INSTRUCTIONS TO FOLLOW
If a line in the data holds the string "الليل", list it.

### EXERCISE INPUT ###

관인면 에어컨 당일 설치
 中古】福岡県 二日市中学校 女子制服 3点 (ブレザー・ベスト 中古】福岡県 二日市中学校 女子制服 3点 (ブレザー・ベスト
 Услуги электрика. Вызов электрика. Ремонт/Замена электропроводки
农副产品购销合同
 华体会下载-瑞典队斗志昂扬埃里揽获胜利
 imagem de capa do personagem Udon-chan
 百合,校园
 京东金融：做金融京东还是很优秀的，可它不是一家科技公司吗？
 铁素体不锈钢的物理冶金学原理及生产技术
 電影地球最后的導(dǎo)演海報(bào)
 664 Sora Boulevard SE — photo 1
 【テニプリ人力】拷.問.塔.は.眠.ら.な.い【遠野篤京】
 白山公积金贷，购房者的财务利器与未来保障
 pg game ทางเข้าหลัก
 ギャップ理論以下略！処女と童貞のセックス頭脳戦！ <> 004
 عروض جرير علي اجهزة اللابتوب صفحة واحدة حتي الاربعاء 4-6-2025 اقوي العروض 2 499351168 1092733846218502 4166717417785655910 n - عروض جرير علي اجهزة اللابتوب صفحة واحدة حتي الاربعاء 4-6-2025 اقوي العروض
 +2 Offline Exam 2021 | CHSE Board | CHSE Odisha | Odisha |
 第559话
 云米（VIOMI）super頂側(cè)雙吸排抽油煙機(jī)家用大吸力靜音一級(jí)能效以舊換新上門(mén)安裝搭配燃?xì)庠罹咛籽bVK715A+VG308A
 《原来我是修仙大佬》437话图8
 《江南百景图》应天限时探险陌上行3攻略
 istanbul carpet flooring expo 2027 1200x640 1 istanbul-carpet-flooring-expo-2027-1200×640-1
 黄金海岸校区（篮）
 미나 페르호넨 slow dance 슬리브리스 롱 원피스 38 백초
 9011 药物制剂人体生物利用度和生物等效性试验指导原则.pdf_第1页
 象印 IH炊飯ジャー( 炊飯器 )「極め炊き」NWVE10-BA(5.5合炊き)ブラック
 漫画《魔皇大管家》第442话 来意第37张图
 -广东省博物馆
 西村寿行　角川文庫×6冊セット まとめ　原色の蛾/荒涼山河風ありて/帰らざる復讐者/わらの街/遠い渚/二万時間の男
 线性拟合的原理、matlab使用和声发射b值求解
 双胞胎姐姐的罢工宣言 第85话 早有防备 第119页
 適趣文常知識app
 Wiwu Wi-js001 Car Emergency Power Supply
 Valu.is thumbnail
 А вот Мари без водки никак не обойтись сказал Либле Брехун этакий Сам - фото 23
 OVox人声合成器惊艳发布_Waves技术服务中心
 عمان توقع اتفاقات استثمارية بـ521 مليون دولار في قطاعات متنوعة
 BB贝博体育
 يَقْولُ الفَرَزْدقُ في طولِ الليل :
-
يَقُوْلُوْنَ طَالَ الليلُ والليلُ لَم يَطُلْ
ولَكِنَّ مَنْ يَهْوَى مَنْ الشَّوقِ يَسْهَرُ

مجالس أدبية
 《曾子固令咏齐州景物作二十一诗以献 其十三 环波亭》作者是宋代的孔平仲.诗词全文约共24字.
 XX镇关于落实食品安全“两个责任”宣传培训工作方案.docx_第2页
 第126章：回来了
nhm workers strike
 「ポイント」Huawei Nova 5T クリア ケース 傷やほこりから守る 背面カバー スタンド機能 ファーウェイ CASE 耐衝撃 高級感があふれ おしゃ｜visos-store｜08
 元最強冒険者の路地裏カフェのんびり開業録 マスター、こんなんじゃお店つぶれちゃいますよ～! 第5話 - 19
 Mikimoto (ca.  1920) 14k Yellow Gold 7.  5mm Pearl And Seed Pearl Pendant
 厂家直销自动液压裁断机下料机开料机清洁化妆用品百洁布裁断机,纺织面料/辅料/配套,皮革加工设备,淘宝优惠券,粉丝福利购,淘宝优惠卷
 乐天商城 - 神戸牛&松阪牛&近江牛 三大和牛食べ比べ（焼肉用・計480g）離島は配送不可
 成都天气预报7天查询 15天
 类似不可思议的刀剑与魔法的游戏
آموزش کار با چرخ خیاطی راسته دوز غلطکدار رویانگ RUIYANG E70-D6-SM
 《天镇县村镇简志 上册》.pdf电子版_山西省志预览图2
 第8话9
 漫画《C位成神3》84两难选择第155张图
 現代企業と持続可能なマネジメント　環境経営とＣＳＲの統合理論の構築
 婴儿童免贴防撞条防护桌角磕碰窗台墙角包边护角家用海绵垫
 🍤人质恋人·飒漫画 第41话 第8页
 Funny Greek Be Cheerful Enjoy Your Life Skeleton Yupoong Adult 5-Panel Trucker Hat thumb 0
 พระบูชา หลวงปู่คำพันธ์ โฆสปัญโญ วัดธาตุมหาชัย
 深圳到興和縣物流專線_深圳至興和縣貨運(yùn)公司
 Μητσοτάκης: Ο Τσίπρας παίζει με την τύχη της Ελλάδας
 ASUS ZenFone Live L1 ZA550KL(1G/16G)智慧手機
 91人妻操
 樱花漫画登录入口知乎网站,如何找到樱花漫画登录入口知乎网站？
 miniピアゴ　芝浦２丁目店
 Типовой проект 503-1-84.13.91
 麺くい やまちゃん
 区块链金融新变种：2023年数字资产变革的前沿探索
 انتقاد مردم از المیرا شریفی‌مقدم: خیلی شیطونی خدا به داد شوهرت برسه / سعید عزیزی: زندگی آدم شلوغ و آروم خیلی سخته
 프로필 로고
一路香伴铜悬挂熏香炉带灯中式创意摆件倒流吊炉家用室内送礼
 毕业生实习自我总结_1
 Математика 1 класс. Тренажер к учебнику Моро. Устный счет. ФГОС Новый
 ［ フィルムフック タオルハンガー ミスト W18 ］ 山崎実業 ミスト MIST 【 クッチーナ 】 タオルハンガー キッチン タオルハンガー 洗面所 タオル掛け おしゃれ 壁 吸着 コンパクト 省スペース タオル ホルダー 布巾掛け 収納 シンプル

###

EXERCISE RESULT
 يَقْولُ الفَرَزْدقُ في طولِ الليل :
يَقُوْلُوْنَ طَالَ الليلُ والليلُ لَم يَطُلْ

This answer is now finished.